We can see that the PC1 keeps the higest amount of information, as we already knew since the calculation of the eigenvalues.

Also, as inferred from perason correlations and loading plots, prices vary majorly in the PC1 axe.

## Checking latitude and longitude influence

Since we expected latitude and longitude to influence prices, let's plot them and see if there's no correlation.

In [38]:

fig = go.Figure()

# Sort by price so the last marker in the same street will be the highest price 
initial_df = initial_df.sort_values('price', ascending=True)

# Format price
formated_price = initial_df['price'].apply(lambda x: f"{x:,}")
formated_price = formated_price.apply(lambda x: f"R$ {x.replace(',','.')},00")

# Scatter
fig.add_trace(go.Scattermapbox(
    lat=initial_df['lat'],
    lon=initial_df['lon'],
    mode='markers',
    marker=dict(
        size=10,
        color=initial_df['price'],
        colorscale='Temps',
        colorbar=dict(title='Price'),
        # showscale=False
    ),
    text=formated_price
))

# Layout
fig.update_layout(
    mapbox=dict(
        # style="open-street-map",
        style="carto-darkmatter",
        zoom=11,
        center=dict(lat=initial_df['lat'].mean(), lon=initial_df['lon'].mean())
    ),
    margin={"r":0,"t":0,"l":0,"b":0},
)

fig.show()

As we can see, there is a place where the price/m² seems higher, but it really looks like not enough to influence prices. Let's check the influence over price/m².

In [41]:

fig = go.Figure()

# Sort by price so the last marker in the same street will be the highest price 
initial_df = initial_df.sort_values('price', ascending=True)
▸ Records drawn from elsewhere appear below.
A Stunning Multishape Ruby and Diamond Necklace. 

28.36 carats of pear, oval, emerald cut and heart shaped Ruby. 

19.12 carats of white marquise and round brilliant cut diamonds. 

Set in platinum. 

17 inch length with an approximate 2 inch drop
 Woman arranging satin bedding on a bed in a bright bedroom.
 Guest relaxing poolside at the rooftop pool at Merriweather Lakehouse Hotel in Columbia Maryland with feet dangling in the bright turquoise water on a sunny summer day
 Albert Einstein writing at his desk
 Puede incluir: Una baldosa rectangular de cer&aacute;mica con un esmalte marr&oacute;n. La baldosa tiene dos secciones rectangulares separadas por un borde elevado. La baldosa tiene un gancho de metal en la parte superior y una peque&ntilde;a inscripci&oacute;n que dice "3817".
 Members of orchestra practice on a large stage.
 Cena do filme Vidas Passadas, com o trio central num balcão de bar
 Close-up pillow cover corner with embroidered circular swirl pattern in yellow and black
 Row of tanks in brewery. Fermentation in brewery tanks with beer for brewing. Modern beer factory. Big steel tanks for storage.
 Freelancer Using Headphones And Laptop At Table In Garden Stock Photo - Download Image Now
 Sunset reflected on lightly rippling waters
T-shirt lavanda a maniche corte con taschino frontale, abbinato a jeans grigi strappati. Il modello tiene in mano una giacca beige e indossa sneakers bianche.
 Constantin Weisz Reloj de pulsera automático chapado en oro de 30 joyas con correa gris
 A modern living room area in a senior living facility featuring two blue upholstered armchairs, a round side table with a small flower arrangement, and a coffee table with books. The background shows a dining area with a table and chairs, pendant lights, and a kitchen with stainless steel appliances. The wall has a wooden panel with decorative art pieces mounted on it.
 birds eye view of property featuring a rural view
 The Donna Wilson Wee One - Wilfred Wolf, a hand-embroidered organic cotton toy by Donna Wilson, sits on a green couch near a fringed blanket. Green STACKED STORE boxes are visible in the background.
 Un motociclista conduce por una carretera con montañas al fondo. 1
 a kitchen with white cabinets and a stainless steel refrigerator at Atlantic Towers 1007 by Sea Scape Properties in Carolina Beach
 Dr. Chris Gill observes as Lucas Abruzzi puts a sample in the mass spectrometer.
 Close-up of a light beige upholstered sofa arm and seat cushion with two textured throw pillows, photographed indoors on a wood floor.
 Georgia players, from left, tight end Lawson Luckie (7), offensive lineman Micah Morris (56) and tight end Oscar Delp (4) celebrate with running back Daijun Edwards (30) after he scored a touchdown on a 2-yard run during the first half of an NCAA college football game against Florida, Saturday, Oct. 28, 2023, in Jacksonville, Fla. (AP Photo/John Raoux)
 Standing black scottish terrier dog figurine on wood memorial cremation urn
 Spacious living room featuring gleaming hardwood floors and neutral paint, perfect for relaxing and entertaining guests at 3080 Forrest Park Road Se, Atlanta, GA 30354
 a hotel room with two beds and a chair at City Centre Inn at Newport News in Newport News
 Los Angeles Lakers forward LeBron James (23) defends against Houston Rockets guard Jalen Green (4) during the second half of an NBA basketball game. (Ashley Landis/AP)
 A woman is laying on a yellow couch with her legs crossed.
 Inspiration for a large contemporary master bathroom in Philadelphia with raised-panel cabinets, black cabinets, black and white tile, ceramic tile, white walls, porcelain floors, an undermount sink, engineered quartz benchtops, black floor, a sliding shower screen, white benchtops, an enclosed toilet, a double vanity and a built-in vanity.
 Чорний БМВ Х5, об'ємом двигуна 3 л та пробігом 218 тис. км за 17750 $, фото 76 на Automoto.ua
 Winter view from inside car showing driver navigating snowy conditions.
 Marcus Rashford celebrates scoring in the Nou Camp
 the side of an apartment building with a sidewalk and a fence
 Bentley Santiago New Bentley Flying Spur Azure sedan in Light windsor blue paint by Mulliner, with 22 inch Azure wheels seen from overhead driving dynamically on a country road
initial_df['price_per_m'] = initial_df['price'] / initial_df['area']

# Format price
formated_price = initial_df['price'].apply(lambda x: f"{x:,}")
formated_price = formated_price.apply(lambda x: f"R$ {x.replace(',','.')},00")

# Scatter
fig.add_trace(go.Scattermapbox(
    lat=initial_df['lat'],
    lon=initial_df['lon'],
    mode='markers',
    marker=dict(
        size=10,
        color=initial_df['price_per_m'],
        colorscale='Temps',
        colorbar=dict(title='Price'),
        # showscale=False
    ),
    text=formated_price
))

# Layout
fig.update_layout(
    mapbox=dict(
        # style="open-street-map",
        style="carto-darkmatter",
        zoom=11,
        center=dict(lat=initial_df['lat'].mean(), lon=initial_df['lon'].mean())
    ),
    margin={"r":0,"t":0,"l":0,"b":0},
)

fig.show()

Whit price/m² we can see that there is a region where the prices/m² are higher. So if we'd done the PCA with this extra column, it might had a different result. 

# Conclusions

## PCA
- Manual implementation of PCA got the same results of library based one. This means we understood the concepts behind PCA.
- The proccess for implementing PCA with scikit-learn is simple and straight forward.

## Data
- Our apartments data prices shows a high correlation with our PC1, wich has also a high correlation with area, bathrooms and rooms. This information will be very useful when constructing a supervised model.
- The prices per m² column (created in the [Checking latitude and longitude influence](#checking-latitude-and-longitude-influence) section) shows a significant difference that could have changed the outputs of our PCA if we included it, maybe raising the correlation between price and latitude or longitude.   
After this insight, I learned that creating other variables from the ones we already have might produce valuable information from our dataset, so we can think about it before start building our analysis. Let's use computers to compute!

## Evaluating Objectives

- Understand the concepts of PCA and it's implementation ✅
- Perform a manual and a library-based implementation to fix the concepts but to also know how we can quickly do it (professional way) ✅
- Compare the two implementation ✅
- Perform a data analysis using our PCA: Even though it's a dimensionality reduction method, what insights can we gain from our data through it? ✅